(Dataset entries)

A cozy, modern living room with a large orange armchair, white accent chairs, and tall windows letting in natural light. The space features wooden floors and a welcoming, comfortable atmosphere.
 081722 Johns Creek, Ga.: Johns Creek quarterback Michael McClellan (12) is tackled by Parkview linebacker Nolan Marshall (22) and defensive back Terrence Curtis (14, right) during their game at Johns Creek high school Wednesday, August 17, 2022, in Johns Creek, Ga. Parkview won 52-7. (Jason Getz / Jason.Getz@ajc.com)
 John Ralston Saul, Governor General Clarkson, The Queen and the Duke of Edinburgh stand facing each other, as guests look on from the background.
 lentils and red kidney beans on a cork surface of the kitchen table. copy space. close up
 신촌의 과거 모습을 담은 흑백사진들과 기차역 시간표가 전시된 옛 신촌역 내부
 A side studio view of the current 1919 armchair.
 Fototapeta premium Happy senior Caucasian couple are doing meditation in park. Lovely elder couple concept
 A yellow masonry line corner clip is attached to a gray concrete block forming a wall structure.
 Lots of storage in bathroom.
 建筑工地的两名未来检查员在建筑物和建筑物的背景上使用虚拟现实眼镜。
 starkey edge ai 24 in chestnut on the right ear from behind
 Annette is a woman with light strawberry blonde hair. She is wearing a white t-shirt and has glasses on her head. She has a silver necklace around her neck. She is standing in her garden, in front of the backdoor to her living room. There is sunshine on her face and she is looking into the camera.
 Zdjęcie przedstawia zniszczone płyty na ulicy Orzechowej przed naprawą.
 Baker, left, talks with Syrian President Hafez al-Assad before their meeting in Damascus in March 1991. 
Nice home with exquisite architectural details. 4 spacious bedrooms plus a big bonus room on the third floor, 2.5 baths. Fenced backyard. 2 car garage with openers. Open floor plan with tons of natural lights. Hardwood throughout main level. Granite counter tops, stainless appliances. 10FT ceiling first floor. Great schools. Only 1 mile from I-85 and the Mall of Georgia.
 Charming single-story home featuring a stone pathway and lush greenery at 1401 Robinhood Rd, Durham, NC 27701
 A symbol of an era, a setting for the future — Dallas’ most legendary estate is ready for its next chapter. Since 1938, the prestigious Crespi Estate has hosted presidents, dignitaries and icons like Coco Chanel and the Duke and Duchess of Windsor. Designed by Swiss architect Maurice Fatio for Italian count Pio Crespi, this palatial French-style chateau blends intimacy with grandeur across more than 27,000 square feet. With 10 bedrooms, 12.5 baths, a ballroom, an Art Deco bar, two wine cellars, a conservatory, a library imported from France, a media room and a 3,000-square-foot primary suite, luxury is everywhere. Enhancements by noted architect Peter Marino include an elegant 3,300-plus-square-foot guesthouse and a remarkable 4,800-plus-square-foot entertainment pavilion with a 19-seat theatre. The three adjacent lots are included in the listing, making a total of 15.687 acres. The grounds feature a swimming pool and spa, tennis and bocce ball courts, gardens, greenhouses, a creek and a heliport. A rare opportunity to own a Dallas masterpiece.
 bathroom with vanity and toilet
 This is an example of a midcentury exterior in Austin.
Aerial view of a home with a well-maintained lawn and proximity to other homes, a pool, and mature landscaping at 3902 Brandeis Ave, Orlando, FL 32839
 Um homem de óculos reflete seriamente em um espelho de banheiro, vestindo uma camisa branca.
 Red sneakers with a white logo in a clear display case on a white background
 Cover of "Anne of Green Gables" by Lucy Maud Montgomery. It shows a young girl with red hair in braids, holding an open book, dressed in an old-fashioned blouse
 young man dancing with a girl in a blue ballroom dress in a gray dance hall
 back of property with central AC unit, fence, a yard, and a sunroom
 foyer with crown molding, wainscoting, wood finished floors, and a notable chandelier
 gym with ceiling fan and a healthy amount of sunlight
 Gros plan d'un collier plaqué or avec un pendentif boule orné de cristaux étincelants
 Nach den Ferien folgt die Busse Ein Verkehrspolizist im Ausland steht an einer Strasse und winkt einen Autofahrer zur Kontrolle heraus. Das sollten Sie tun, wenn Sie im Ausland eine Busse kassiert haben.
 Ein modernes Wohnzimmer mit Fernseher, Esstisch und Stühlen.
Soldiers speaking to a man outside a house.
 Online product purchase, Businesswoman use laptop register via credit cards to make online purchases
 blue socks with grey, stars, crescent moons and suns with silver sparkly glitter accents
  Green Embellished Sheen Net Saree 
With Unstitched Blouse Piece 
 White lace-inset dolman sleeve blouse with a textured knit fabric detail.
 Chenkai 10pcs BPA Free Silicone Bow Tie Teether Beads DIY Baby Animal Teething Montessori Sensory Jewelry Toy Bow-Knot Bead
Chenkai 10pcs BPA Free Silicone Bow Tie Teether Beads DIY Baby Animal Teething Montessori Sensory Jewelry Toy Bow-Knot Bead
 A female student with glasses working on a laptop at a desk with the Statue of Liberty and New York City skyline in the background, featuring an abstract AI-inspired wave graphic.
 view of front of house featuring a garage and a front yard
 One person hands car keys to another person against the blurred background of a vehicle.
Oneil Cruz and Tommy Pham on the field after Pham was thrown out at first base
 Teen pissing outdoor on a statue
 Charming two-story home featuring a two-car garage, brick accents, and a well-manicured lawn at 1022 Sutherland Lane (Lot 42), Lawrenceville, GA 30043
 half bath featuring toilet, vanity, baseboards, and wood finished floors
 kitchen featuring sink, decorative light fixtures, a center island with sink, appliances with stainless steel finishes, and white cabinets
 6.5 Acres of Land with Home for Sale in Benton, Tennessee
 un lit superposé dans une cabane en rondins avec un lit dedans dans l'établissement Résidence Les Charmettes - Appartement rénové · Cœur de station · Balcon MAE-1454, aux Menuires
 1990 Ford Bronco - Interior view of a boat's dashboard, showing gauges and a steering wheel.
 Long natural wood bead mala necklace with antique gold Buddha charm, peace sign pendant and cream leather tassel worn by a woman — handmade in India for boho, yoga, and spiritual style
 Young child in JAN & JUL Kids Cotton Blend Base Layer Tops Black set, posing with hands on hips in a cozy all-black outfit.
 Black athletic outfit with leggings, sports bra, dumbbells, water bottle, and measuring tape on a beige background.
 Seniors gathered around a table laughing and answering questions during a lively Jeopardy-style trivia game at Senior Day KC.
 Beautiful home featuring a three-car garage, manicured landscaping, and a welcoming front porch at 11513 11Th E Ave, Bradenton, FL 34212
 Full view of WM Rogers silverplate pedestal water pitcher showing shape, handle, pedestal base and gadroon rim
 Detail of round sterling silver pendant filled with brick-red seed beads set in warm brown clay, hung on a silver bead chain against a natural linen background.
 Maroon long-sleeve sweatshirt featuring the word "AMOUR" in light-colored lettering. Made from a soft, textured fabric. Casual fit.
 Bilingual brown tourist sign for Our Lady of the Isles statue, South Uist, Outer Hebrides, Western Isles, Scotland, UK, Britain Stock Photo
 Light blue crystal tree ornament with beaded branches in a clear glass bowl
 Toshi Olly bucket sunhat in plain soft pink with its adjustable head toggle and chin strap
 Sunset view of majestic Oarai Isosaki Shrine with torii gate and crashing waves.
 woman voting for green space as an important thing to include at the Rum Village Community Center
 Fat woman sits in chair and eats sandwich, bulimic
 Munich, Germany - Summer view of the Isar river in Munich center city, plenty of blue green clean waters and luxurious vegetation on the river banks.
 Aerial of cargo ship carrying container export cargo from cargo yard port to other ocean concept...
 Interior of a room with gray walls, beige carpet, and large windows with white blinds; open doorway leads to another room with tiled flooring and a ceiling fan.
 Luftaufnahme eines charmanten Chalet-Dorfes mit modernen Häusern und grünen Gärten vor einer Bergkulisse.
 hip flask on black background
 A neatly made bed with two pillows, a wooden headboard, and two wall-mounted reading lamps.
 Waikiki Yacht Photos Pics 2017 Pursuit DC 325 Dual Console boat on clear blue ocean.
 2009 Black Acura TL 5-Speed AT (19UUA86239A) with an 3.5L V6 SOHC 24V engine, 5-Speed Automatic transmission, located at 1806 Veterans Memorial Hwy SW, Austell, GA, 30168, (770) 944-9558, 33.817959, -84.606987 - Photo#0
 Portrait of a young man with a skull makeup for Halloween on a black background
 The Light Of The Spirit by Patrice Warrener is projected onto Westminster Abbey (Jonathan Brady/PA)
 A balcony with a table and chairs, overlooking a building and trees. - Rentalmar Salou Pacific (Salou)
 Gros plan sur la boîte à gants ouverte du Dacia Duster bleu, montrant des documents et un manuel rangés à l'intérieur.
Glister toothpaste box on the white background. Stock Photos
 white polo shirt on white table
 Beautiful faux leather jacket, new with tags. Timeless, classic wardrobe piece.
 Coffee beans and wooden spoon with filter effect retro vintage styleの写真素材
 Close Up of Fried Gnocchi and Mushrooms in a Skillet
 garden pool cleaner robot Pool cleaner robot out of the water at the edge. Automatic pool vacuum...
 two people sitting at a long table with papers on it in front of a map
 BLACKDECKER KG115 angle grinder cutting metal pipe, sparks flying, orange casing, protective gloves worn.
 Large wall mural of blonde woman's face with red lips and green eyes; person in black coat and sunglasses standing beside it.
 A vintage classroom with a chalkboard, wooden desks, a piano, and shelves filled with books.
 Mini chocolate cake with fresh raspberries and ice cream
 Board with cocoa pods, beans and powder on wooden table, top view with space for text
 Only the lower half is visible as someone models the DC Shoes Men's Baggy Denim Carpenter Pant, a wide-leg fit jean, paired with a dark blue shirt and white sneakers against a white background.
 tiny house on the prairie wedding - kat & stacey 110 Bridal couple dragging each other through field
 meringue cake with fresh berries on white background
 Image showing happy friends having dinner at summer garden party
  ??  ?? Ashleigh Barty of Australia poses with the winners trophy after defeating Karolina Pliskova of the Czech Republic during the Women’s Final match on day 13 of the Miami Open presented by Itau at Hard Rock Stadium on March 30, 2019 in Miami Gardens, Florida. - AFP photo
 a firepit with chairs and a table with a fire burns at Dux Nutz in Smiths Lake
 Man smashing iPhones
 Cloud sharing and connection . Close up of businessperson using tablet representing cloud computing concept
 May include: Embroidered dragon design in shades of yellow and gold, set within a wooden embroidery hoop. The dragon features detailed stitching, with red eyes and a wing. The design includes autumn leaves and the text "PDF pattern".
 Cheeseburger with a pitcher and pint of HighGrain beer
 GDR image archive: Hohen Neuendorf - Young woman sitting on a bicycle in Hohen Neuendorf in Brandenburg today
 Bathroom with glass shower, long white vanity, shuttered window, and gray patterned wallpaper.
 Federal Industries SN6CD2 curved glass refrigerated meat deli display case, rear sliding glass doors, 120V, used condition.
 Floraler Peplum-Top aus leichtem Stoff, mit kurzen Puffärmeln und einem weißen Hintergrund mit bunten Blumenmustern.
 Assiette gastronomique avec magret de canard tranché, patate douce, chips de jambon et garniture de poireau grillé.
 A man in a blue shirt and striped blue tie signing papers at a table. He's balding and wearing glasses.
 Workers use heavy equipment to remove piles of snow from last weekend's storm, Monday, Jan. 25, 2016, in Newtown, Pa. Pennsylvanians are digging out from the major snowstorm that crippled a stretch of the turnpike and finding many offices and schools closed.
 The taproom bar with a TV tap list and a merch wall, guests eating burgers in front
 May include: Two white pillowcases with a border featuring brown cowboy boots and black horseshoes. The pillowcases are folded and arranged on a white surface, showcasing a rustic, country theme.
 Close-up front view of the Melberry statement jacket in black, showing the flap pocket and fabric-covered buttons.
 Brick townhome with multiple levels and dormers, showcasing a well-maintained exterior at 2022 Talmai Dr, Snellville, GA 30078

▶ _WHAT IS EXPECTED_
Set down, exactly as they appear above, all lines from the one that has "A balcony with" down to the one that has "Coffee beans and", including those two and no others.

▶ _SOLUTION BELOW_
 A balcony with a table and chairs, overlooking a building and trees. - Rentalmar Salou Pacific (Salou)
 Gros plan sur la boîte à gants ouverte du Dacia Duster bleu, montrant des documents et un manuel rangés à l'intérieur.
Glister toothpaste box on the white background. Stock Photos
 white polo shirt on white table
 Beautiful faux leather jacket, new with tags. Timeless, classic wardrobe piece.
 Coffee beans and wooden spoon with filter effect retro vintage styleの写真素材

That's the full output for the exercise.